§ HOW TO COMPLETE THIS TASK
Using the entries that follow, write out the line containing "Peugeot expert, citroen", the line containing "1971 Norton Commando", and every line between them, exactly and nothing else.

= = = = =

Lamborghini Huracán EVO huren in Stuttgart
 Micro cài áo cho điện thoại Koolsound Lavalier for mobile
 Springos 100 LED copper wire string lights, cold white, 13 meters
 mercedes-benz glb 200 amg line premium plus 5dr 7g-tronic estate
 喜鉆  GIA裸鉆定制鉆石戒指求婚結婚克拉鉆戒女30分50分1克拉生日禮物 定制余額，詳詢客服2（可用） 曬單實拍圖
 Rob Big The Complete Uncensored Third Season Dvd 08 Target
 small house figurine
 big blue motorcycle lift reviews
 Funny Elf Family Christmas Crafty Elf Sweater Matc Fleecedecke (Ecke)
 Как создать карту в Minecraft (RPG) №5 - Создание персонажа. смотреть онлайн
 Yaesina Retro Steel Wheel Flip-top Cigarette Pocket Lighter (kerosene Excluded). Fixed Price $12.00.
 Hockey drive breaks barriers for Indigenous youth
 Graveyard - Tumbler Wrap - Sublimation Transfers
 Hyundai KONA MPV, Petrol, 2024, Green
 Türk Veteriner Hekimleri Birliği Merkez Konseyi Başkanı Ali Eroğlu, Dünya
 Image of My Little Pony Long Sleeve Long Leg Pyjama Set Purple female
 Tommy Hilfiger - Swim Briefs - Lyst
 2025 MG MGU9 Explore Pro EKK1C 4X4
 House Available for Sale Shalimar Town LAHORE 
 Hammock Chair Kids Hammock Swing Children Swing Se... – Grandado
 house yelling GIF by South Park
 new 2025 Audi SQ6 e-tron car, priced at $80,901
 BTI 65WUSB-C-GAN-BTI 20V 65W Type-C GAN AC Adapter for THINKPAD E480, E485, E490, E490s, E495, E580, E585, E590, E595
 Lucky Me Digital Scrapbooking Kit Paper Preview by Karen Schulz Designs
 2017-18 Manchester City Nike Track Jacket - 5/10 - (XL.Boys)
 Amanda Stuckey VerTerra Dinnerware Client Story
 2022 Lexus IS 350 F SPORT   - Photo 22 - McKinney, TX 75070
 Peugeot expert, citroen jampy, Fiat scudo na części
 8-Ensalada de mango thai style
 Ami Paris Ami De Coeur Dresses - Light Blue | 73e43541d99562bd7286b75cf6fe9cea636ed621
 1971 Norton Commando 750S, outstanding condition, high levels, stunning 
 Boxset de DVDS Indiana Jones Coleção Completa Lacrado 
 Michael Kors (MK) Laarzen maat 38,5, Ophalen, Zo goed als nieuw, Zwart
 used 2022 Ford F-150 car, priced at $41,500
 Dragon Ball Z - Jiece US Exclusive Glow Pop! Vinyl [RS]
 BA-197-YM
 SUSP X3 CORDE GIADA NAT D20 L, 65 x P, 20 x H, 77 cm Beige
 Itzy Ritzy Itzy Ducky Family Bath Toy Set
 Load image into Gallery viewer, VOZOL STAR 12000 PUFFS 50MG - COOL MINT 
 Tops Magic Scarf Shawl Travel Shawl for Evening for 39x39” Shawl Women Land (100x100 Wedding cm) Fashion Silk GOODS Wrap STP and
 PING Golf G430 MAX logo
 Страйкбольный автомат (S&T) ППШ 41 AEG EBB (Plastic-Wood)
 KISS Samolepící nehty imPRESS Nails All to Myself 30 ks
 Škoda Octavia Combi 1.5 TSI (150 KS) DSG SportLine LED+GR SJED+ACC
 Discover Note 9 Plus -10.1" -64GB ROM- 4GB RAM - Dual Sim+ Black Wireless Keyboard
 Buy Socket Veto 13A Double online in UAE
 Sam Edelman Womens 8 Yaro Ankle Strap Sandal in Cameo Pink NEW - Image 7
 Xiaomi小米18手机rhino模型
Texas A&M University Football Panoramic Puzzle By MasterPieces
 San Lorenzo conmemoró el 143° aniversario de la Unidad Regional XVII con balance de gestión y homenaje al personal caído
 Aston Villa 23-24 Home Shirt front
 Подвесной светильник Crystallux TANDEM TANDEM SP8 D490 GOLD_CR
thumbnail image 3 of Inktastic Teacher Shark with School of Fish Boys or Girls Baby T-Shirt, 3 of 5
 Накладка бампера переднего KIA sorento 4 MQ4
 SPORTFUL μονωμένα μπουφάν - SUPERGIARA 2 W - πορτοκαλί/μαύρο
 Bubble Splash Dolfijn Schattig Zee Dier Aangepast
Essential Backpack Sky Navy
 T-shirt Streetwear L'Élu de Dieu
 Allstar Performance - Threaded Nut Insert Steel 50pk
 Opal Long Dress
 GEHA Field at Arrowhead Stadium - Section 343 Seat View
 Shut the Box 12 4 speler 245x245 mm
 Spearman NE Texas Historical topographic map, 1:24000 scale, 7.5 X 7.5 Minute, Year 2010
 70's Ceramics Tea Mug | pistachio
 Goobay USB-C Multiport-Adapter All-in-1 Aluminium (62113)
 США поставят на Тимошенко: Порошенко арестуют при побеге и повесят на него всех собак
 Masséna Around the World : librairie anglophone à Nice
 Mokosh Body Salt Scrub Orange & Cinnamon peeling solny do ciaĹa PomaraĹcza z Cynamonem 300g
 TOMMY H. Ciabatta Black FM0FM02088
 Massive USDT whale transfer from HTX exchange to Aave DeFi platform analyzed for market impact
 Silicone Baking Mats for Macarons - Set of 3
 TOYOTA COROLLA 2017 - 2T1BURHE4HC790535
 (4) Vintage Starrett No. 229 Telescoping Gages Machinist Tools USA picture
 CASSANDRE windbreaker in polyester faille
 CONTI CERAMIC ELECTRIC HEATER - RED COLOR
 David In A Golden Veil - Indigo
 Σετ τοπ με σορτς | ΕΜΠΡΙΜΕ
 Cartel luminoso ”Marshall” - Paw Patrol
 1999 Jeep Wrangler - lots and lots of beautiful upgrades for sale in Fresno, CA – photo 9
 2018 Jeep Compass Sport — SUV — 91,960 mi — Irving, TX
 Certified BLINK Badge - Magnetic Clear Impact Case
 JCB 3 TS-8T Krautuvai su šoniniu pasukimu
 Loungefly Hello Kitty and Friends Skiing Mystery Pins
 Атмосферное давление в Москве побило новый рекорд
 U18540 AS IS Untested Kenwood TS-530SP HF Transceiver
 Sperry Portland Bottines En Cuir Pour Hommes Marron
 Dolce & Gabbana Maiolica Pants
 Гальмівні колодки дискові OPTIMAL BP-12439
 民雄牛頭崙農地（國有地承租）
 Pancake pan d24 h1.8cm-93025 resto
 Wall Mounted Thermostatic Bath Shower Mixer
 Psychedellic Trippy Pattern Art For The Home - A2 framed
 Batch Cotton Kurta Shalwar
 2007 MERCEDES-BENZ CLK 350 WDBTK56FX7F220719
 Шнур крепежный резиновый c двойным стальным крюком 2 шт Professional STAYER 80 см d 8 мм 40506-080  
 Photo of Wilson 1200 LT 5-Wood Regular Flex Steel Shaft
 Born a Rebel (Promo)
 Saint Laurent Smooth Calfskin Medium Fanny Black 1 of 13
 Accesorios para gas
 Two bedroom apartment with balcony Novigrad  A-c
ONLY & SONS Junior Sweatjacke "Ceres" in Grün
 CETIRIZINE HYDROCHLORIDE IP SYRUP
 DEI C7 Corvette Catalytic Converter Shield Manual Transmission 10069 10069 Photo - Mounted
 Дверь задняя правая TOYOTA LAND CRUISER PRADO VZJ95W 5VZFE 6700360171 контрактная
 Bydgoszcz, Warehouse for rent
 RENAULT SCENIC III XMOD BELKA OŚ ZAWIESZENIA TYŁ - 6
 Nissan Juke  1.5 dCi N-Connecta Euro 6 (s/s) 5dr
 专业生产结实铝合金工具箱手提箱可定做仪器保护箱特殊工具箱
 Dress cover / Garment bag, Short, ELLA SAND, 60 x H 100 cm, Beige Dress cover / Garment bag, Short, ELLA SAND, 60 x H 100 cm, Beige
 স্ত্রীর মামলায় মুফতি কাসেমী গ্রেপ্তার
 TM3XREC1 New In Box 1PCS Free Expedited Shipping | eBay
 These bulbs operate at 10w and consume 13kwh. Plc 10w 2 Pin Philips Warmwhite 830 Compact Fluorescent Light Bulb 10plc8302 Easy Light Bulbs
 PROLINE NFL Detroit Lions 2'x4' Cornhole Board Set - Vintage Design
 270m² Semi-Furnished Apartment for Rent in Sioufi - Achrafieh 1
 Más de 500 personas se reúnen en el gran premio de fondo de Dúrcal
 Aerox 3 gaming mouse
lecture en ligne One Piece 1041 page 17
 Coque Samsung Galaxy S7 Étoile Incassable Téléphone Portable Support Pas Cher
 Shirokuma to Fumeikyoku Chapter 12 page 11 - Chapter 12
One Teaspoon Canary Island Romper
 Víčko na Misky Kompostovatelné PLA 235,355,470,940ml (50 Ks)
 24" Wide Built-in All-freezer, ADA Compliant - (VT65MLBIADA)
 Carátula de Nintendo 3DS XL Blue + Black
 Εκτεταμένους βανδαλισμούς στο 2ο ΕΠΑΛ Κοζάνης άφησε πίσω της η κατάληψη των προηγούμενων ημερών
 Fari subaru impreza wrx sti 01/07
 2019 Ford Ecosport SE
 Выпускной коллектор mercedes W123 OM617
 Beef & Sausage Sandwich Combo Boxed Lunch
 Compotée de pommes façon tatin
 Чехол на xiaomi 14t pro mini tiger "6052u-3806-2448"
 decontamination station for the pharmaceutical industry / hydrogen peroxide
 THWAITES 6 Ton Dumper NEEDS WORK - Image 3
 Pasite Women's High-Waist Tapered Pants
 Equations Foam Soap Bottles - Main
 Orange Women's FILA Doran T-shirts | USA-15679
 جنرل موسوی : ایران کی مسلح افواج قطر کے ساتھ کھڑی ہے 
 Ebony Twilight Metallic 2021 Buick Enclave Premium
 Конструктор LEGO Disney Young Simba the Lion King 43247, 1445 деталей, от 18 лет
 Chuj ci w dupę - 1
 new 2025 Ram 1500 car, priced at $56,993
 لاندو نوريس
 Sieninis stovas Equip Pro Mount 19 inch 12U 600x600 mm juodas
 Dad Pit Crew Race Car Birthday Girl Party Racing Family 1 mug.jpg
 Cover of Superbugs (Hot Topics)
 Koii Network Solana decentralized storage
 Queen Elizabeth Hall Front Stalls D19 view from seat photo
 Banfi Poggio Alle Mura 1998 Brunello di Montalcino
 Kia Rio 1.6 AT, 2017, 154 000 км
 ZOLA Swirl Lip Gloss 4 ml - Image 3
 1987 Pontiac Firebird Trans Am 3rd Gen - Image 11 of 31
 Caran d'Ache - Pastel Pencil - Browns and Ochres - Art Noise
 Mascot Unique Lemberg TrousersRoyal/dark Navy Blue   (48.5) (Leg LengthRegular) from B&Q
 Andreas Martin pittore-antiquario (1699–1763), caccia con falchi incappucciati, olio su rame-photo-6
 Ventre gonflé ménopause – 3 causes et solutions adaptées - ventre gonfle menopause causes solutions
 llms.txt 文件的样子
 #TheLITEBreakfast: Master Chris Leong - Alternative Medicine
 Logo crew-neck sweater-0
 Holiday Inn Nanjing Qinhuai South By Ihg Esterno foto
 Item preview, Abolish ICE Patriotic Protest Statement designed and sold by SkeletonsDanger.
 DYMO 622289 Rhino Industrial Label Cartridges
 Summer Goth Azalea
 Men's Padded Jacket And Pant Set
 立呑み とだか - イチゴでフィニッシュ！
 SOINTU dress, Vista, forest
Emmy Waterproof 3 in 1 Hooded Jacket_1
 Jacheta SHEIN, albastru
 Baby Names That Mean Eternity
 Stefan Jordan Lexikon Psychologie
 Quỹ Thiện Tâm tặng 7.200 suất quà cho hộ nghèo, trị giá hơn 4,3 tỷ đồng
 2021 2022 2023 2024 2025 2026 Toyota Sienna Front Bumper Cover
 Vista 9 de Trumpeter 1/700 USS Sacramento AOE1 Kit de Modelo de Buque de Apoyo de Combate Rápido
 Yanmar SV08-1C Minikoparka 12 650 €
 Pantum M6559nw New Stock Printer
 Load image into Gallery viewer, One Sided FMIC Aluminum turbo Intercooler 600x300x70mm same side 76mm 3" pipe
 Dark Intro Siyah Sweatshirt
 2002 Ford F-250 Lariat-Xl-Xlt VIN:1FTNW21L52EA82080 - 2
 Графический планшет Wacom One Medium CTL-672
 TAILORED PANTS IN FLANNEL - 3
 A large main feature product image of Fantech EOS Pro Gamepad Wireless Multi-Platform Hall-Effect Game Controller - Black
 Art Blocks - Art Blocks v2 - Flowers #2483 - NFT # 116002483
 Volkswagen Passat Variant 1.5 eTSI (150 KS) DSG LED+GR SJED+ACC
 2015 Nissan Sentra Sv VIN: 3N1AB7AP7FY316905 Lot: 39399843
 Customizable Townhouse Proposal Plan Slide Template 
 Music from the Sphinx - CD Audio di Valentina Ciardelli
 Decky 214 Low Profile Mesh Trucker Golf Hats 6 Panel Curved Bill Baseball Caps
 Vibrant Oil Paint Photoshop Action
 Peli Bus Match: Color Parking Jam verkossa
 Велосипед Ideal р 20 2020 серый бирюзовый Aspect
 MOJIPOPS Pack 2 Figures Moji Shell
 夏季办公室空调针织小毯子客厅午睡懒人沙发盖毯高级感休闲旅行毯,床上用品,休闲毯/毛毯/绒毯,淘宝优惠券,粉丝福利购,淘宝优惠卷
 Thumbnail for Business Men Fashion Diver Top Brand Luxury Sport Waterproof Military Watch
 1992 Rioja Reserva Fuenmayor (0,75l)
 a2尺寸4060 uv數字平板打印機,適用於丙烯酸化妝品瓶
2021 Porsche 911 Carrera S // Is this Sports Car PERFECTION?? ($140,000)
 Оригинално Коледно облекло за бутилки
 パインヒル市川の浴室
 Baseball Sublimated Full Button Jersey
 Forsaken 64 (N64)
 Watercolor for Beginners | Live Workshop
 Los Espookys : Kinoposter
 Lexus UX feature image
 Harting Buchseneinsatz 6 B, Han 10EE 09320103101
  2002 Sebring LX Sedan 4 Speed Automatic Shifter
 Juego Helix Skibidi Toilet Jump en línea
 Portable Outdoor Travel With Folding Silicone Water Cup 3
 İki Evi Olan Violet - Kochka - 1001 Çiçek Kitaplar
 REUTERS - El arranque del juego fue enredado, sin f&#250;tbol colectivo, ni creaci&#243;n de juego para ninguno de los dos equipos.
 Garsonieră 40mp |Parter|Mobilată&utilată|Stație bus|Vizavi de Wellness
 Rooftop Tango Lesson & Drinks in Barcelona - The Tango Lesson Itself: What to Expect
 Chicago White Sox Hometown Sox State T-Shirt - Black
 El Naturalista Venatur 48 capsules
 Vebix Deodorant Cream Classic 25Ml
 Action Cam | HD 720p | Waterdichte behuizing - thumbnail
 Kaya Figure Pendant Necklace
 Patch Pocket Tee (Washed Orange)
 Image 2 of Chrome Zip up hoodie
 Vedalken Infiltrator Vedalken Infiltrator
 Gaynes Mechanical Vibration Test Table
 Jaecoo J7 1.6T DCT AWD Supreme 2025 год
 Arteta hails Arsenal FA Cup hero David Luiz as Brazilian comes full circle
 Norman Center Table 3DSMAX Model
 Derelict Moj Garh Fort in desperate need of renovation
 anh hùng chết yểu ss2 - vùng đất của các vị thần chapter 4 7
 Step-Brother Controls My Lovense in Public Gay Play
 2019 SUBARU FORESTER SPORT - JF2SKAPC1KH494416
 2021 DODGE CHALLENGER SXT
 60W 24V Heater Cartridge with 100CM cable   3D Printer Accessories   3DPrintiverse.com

= = = = =

§ YOUR SOLUTION
 Peugeot expert, citroen jampy, Fiat scudo na części
 8-Ensalada de mango thai style
 Ami Paris Ami De Coeur Dresses - Light Blue | 73e43541d99562bd7286b75cf6fe9cea636ed621
 1971 Norton Commando 750S, outstanding condition, high levels, stunning 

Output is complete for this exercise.